The Munsee Indian descendants are attempting again to regain federal recognition of the tribe.
The descendants tried in 2005, but failed in an attempt despite the work of the late Munsee Elder Clio Caleb Church, who began the pursuit in 1978. Church was the first female chief of the Munsee tribe after her election in 2005.
A year ago, in July, the idea of restarting the recognition campaign was born. Mike Ford, a Choctaw Indian, who lives in Ottawa, contacted Connie Hildebrandt, a Munsee and Chippewa descendant, if she would like to start the federal recognition campaign again.
Hildebrant and Ford joined forces to lay the ground work for the tribe’s work.

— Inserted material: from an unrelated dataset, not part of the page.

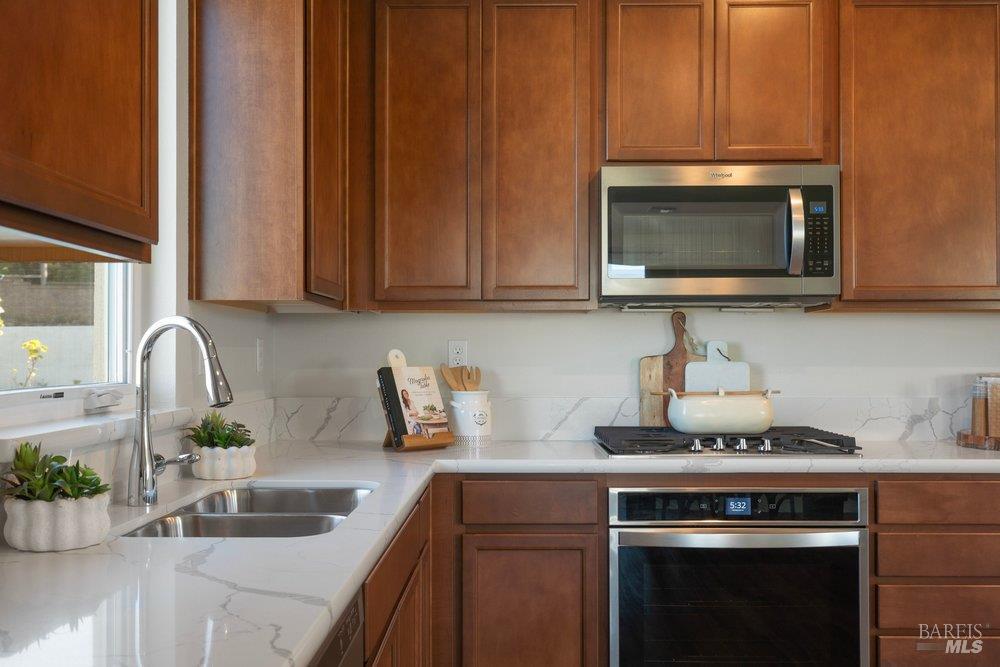 589 Sapphire Street Petaluma CA 94952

Ford, a tribal historian and legal researcher, is knowledgeable of the Munsee Indians’ vast history.
In August 2018, Hildebrant started a Facebook page to supply information to descendants about the formation of the group and her intentions. She found 250 Munsee descendants through her research efforts.
The Munsee descendants group selected “The Munsee Tribe of Kansas” as their official name. The group will have its first official meeting Saturday at Foursquare Chapel Annex. Hildebrant said eventually they will be voting for tribal officers and will draft a constitution.
The group has a lot of behind-the-scenes work ahead before attempting to regain its recognition, Hildebrant said
“I am optimistic that we will be federally recognized again,” she said. “There are several steps towards this recognition, and they are working on the first step, which is enrollment. Everyone is to do a family tree, so that they can identify and verify Munsee descendants. The 1900 final Munsee roll list is where the enrollment begins. They will have to trace their ancestry through their Munsee ancestors back to the 1900 roll.”
Hildebrant said once they go through the family trees, descendants will need to make copies of birth certificates.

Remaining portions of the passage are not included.